Vangerdahast hizo lo posible por reprimir su malhumor. Era justo lo que esperaba encontrar, lo que estaba esperando oír. Por supuesto, semejante respuesta por parte del señor de la caza era la única razón de que lo hubiera invitado.

El mago del rey hizo un gesto aún más grandilocuente de lo necesario, y miró directamente a los ojos al señor de la caza cuando, con un resplandor y un chisporroteo de motas de luz y la correspondiente columna de humo, la vara del sumo mago de Cormyr apareció en su mano. La levantó tan alto como pudo estirar el brazo, ansioso por que crepitara y zumbara de poder. Al surgir de la nada, emitiendo un fulgor que cegó las miradas de todos los presentes, dijo con voz apesadumbrada:

—Lamento haber tenido que incomodarles, sagrados señores, pero es necesario que ayuden a Cormyr sin mayores dilaciones en este problema.

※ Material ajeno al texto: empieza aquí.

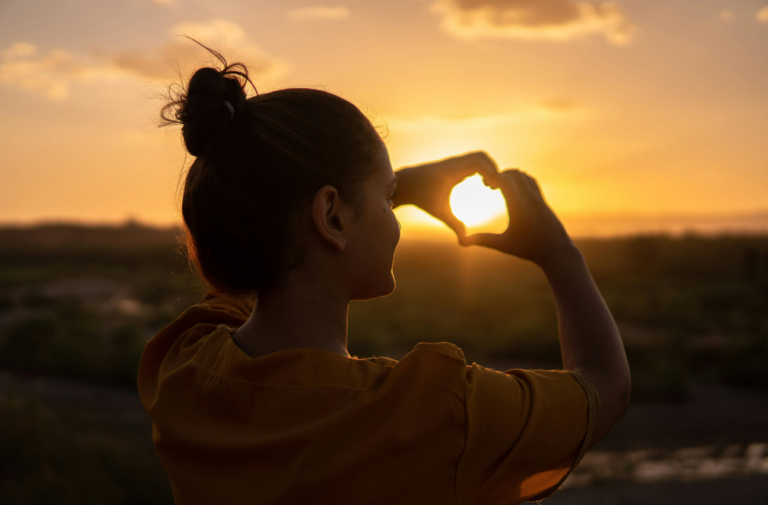 A woman enjoying the sun and living a joyful life.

—¿Y si no lo hacemos? —Sorprendentemente, aquella pregunta la planteó el erudito de Deneir.

—Como regente real de Cormyr, espero su cooperación en este asunto... o sus cabezas —replicó secamente Vangerdahast, revisando en silencio la favorable opinión que tenía del señor de las runas. Acto seguido, hizo que la vara parpadeara ligera pero significativamente.

—¿Regente real? —la voz de Buruin, señor de la caza, parecía cargada de burla—. ¿Piensa que ese título sin importancia le otorga alguna autoridad sobre mí?

—Buen y sagrado señor, así es, aunque, respetable siervo de Malar, no necesito de ninguna autoridad.

—¿Qué? ¿Cómo es eso?

—De acuerdo con el decreto de Garmos Saernclaws, uno de los siervos más respetables del señor de las bestias... —Los labios del mago de la corte esbozaron la sonrisa de un lobo—. Un decreto sagrado que aún deben observar todos los clérigos de Malar, tanto hoy como desde hace un millar de años: «La caza debe estar en buenas condiciones. Si una enfermedad o cualquier tipo de maledicencia acaeciera a los cazadores por culpa de una bestia, el sacerdocio de Malar deberá hacer todo cuanto esté en sus manos para esclarecer la naturaleza del mal, de modo que tanto la caza como el cazador permanezcan sanos por siempre».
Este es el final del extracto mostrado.